Soon, the group traverse into the deepest part of the mine following a seam of iron deep into the earth. The foreman shows the group the pocket the zombies crawled from. With some trepidation, the group enters and discovers the pocket to be part natural cavern and part man-made room with brilliant paints covering ancient brick. With some effort, the group breaks through the brick into a separate room, laid out with some near crumbling wooden furniture. Along the wall are several bookshelves some of which still contain their charges – ancient tomes in Anasazi script.

With some effort, Broken Clay manages to use his professional scribe skills and preserves a book from the shelf. Jenga, sensing an opportunity also attempts to procure a codex, but fails and the ancient leather and paper crumbles to dust in her hands.

With some more investigation, Gray Bear breaks through another couple of walls and discovers two new rooms – one with a strange living statue constantly repeating the same set of movements and a great hall with an ornate door.

In investigating the room with the statue, the group finds the skeletal remains of a body still in its finery collapsed in a corner a large metal rod in its hands.

Moving on to the great hall, the group discovers the door covered in a relief depicting animals moving toward a large golden sun set high in the door.

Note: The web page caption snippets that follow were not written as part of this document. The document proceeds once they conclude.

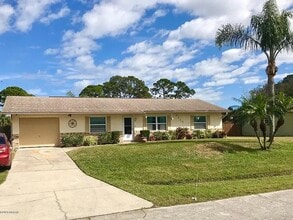 Building Photo - 3325 Queen Palm Dr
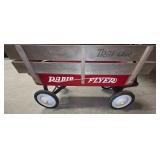 Radio-Flyer wagon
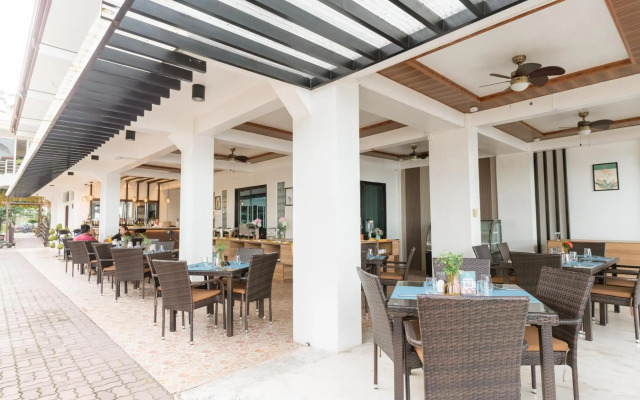 Costa Palawan Resort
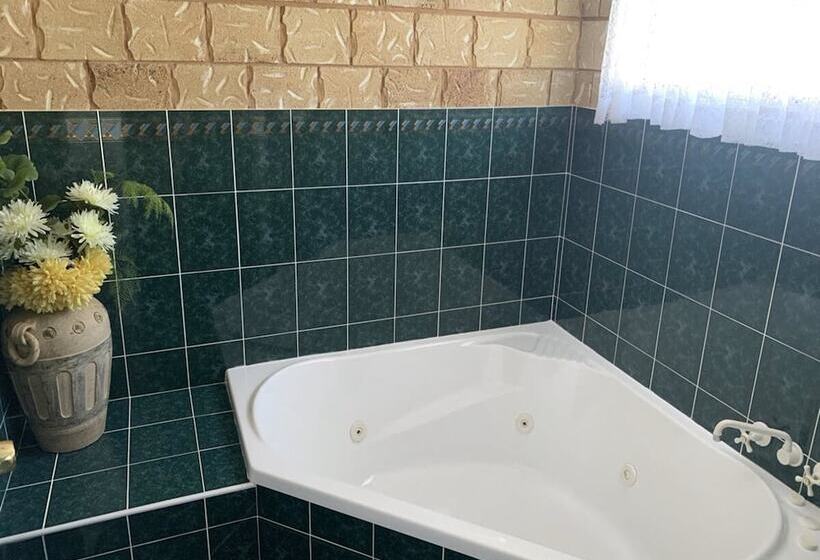 اتاق لوکس, Darling River Motel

Upon trying the door, they find it locked – no problem for Pkuma – who unlocks the door deftly.
As the door opens however, the relief changes – the animals change into humans and the golden sun turns silver.

With the door fully open, the group climbs a large stone staircase bringing them outside. Jenga knows this place well, it is the land of the dead.

Moving forward in search of answers, the group heads down the dirt path surrounded by dense, thick jungle. Coming upon a village, the groups is initially shunned by its inhabitants. With some cajoling, the group manages to meet the man whose corpse was in the chamber. He has no idea what had happened to trap him in the dark, but he explained that he worked in an armory and that the door they came through was used to send people to the other realms  - either the land of spirits, or the land of dead.

As they pick the dead man’s brain, a disturbance from outside draws the attention of the group. Deep within the well, a strange almost purple light shines. The residents of the dead village cannot perceive it, and those of the group that stare into the abyss see a fractal nightmare of nauseating incomprehension.

Raised by the bad omen of living in the land of the dead, soldiers appear to determine the group’s intentions. Upon noticing the well, however, the head of the soldiers begins to cast spells into the well and screams for the soldiers to get aid.

With every spell cast into the well, the light intensifies, and soon it crystallizes, giving form to the formless writing energy. The light grows and the earth shakes. The group, ready to quit the village, makes ready to flee, but finds that half are interested in moving to the city of the dead, Mictlan, half for returning the way they came.


The power emanating from the well now reaching out into the surrounding ground the majority flee for the door they came through passing a man in strange garb. Those that stay see the god for what he is – Xipe Totec – the flayed god. Wearing the skin of a man over himself, the god walks to the warrior by the well and places a palm on his shoulder. A strange energy courses over the man and into the well. The earth begins to violently shake and Jenga, lingering to see what unfolds, is beckoned over by the god.

“Aid me.”

She reaches out her hand and a similar energy courses out of her body and into the god. Weakened, she struggles to break free of the bond, and flees with the rest of the group.

A strange whispering over takes the air around the group as they strain themselves to close and bar the ornate door through which they came. With some effort the door is closed, but the whispering grows stronger. Fleeing the mine, the group finds that the dead, broken pieces of zombies from an earlier battle are quivering and straining. The group emphatically beats and pulverizes the bodies again and makes haste out of the mine.

Warning the village chief of what lies below, the group stay one more night in the village and leave at dawn walking into the rising sun.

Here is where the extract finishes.